What needs to be done
Omit the pictures, then reproduce every remaining record exactly.

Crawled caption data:
.....

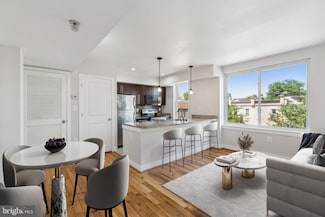 420 16th St SE Unit 301, Washington, DC 20003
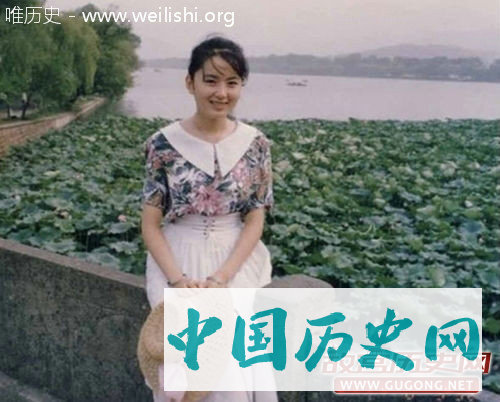 80年代老照片：1980年代的漂亮姑娘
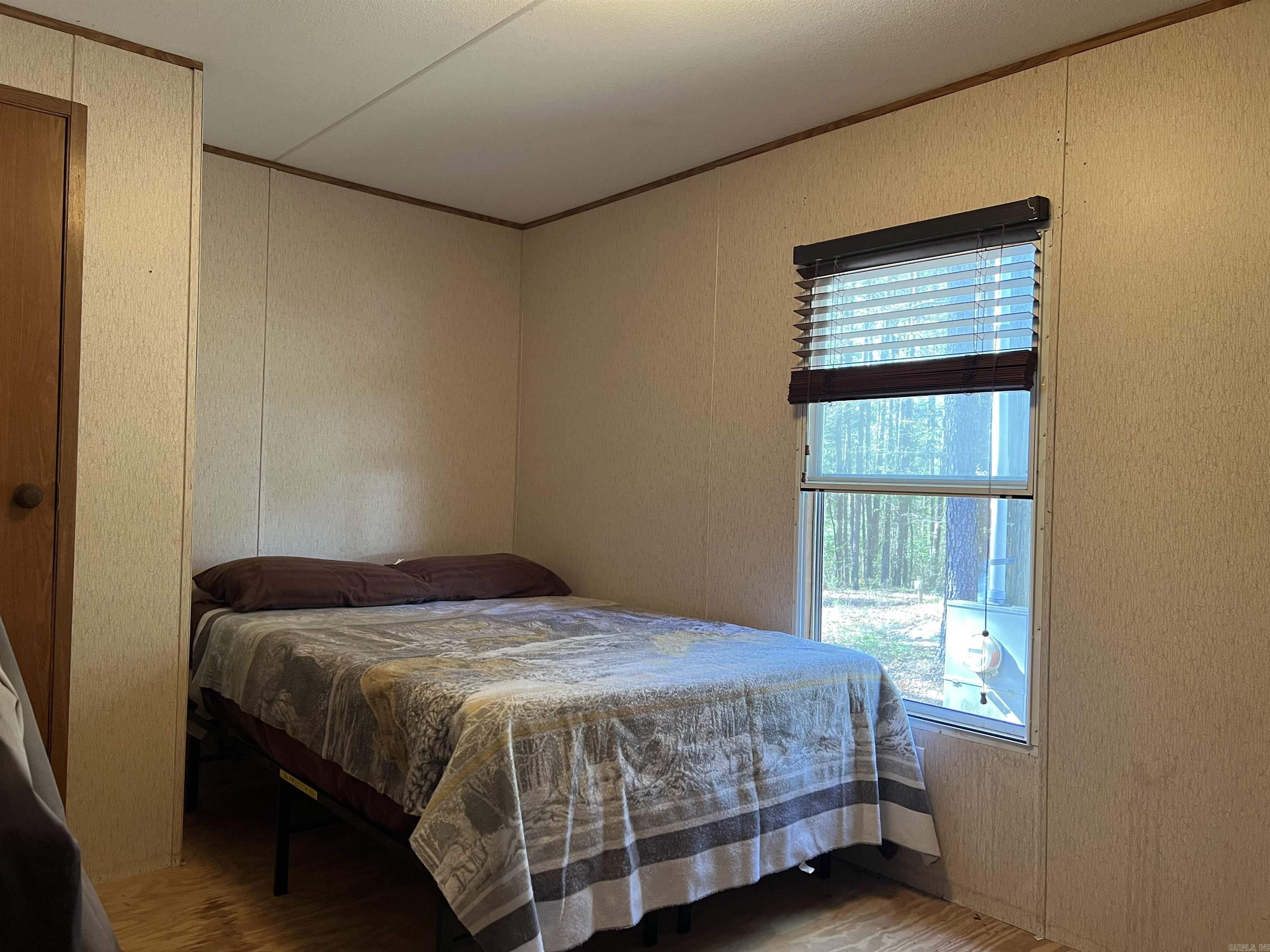 860 Fox Chase  Greers Ferry, AR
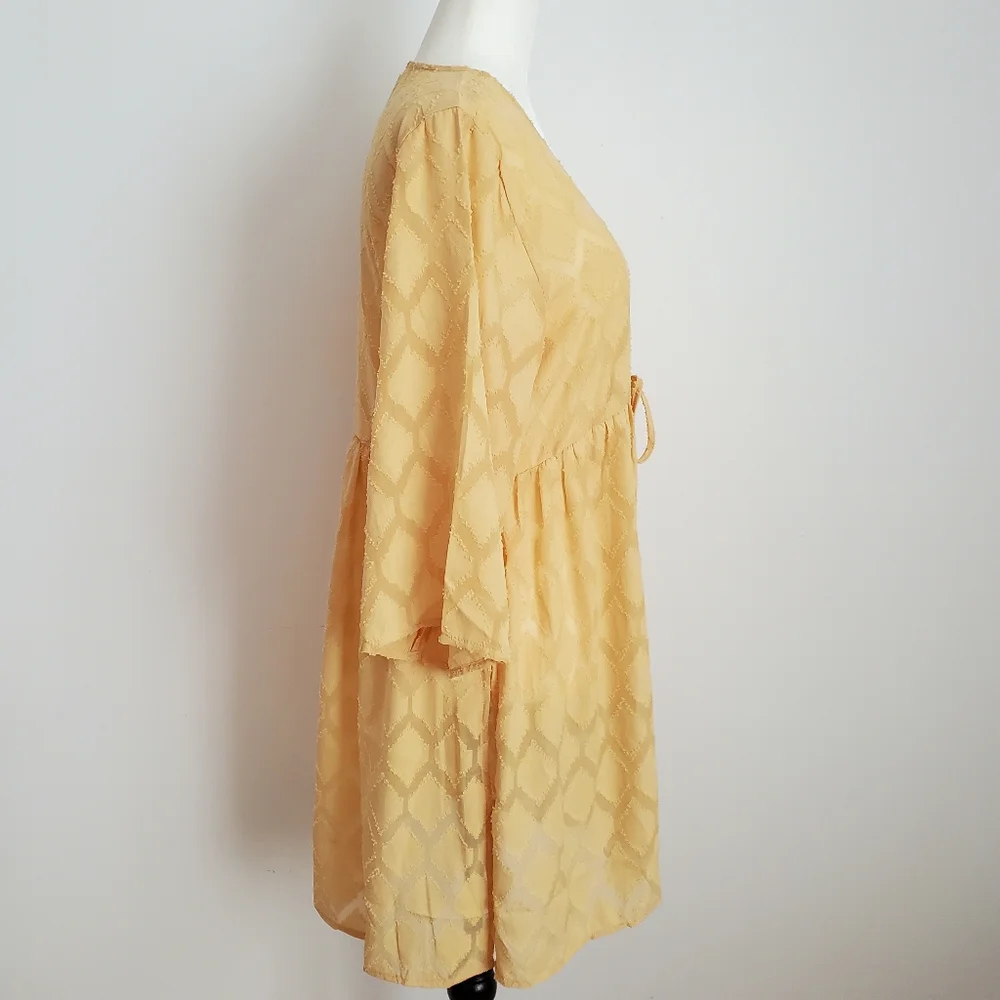 🆕️Yellow Kimono Size Medium - Picture 3 of 5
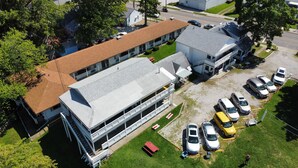 Oversigtsbillede af et motel med en midterbygning og en parkeringsplads.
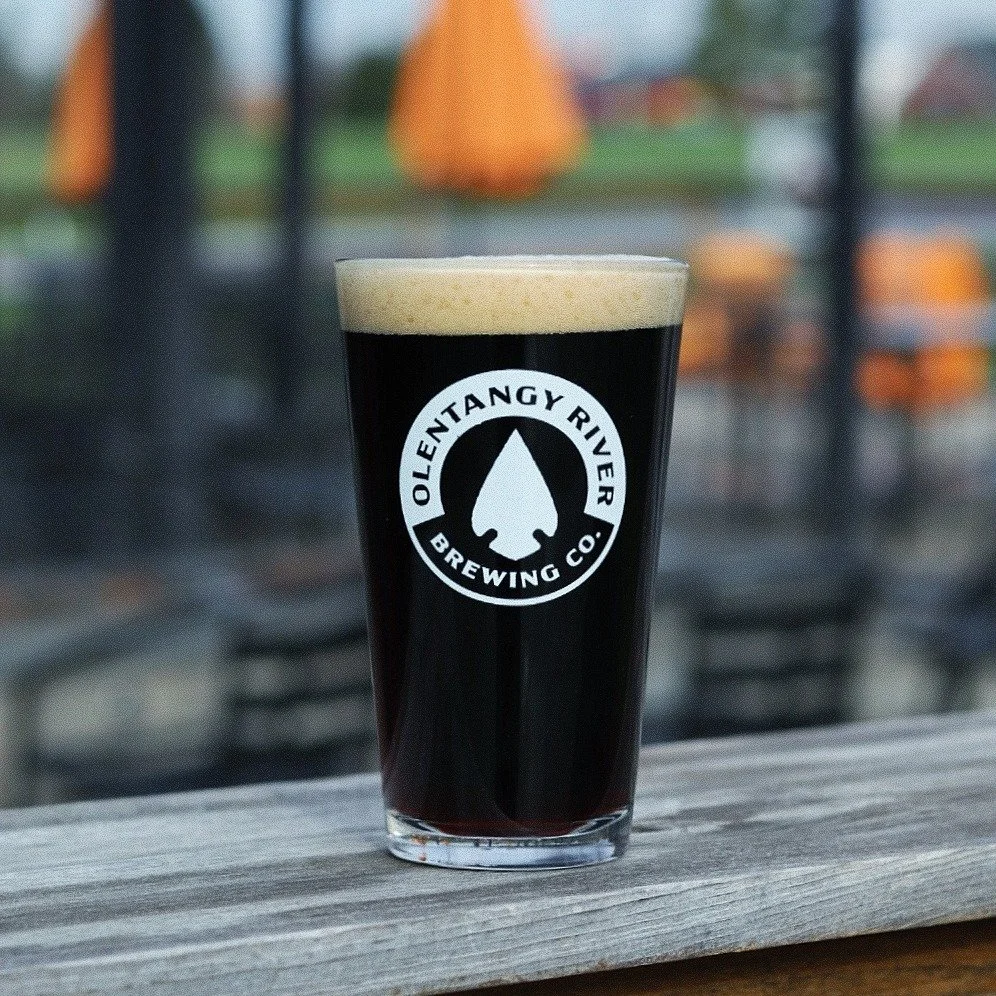 THE SECRET IS OUT 👀
.
Secret Dunkel is back and just as good as you remember! 
.
A Munich Dunkel that is "roasty" and toasty in nature with a Lager finish at 5.3%. Swing by and grab a pint this weekend!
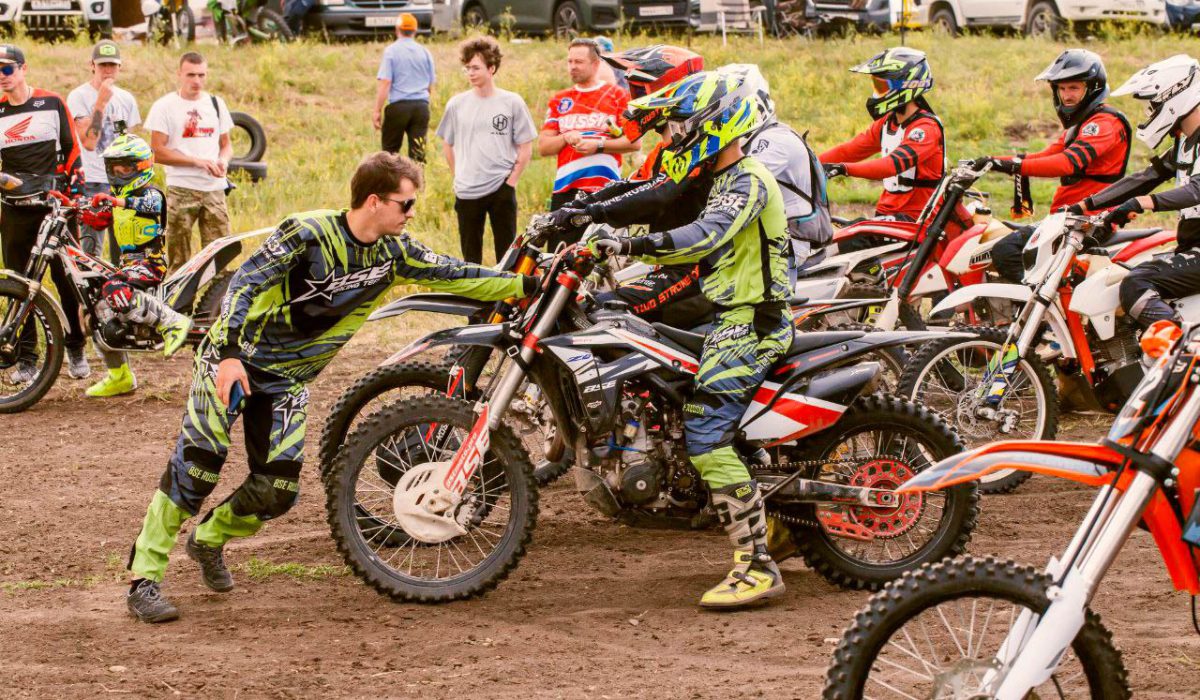 Команда BSE Racing Team заняла призовое место в гонке кросс-кантри Команда BSE Racing Team заняла призовое место в гонке кросс-кантри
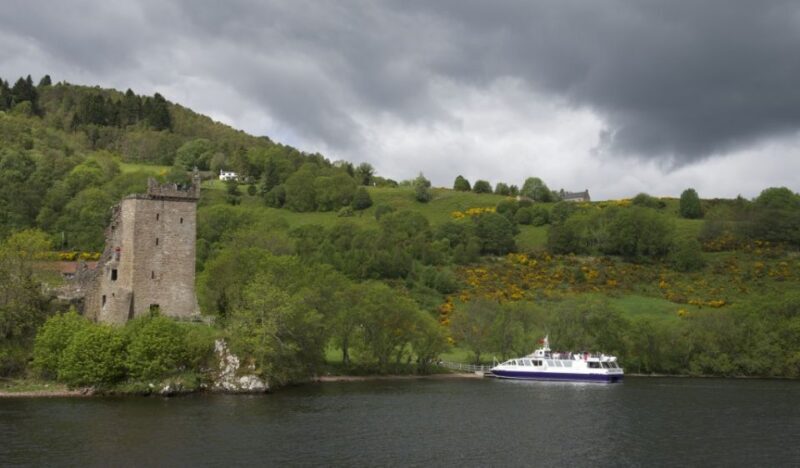 Greenock: Shore Excursion to Stirling Castle and Loch Lomond - Key Points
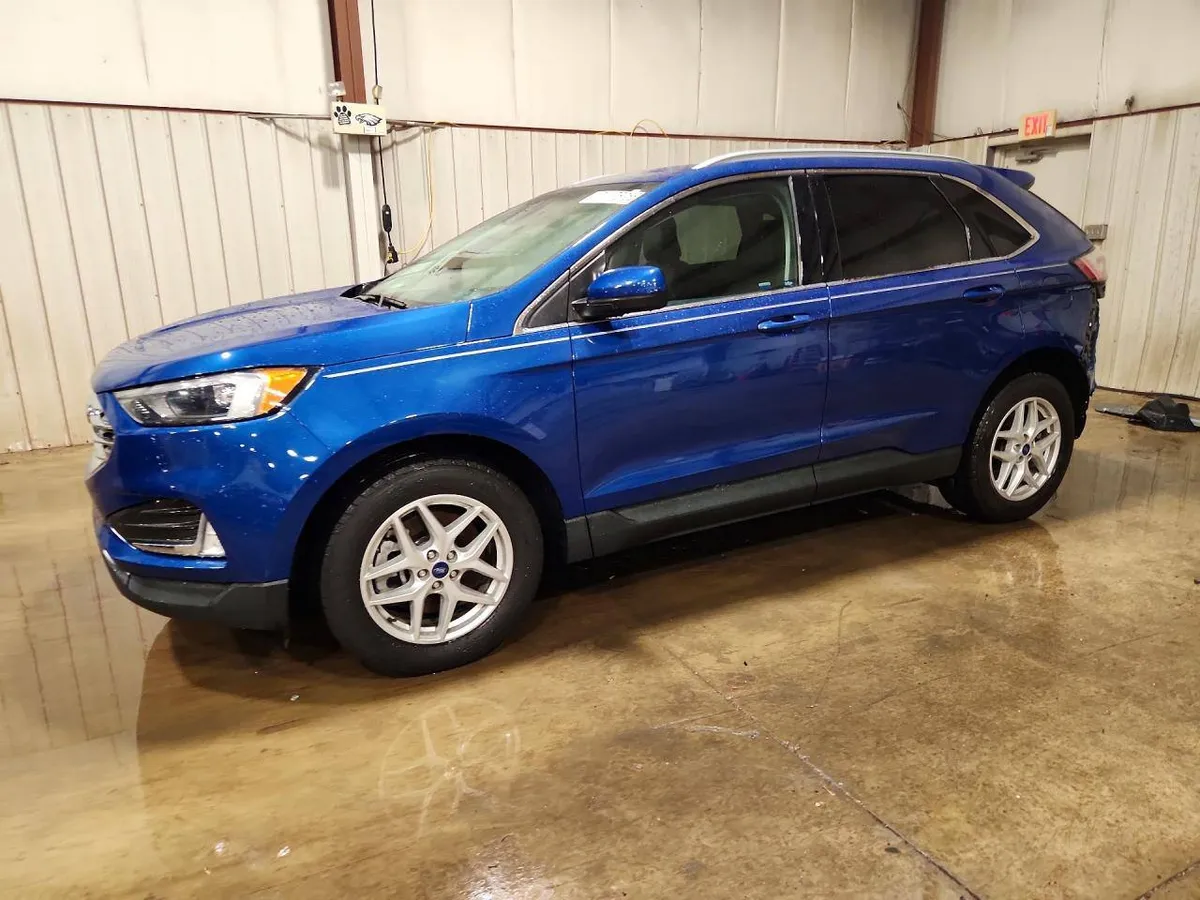 FORD EDGE TITANIUM 2022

.....

Result of this exercise
 420 16th St SE Unit 301, Washington, DC 20003
 80年代老照片：1980年代的漂亮姑娘
 860 Fox Chase  Greers Ferry, AR
 🆕️Yellow Kimono Size Medium - Picture 3 of 5
 Oversigtsbillede af et motel med en midterbygning og en parkeringsplads.
 THE SECRET IS OUT 👀
.
Secret Dunkel is back and just as good as you remember! 
.
A Munich Dunkel that is "roasty" and toasty in nature with a Lager finish at 5.3%. Swing by and grab a pint this weekend!
 Команда BSE Racing Team заняла призовое место в гонке кросс-кантри Команда BSE Racing Team заняла призовое место в гонке кросс-кантри
 Greenock: Shore Excursion to Stirling Castle and Loch Lomond - Key Points
 FORD EDGE TITANIUM 2022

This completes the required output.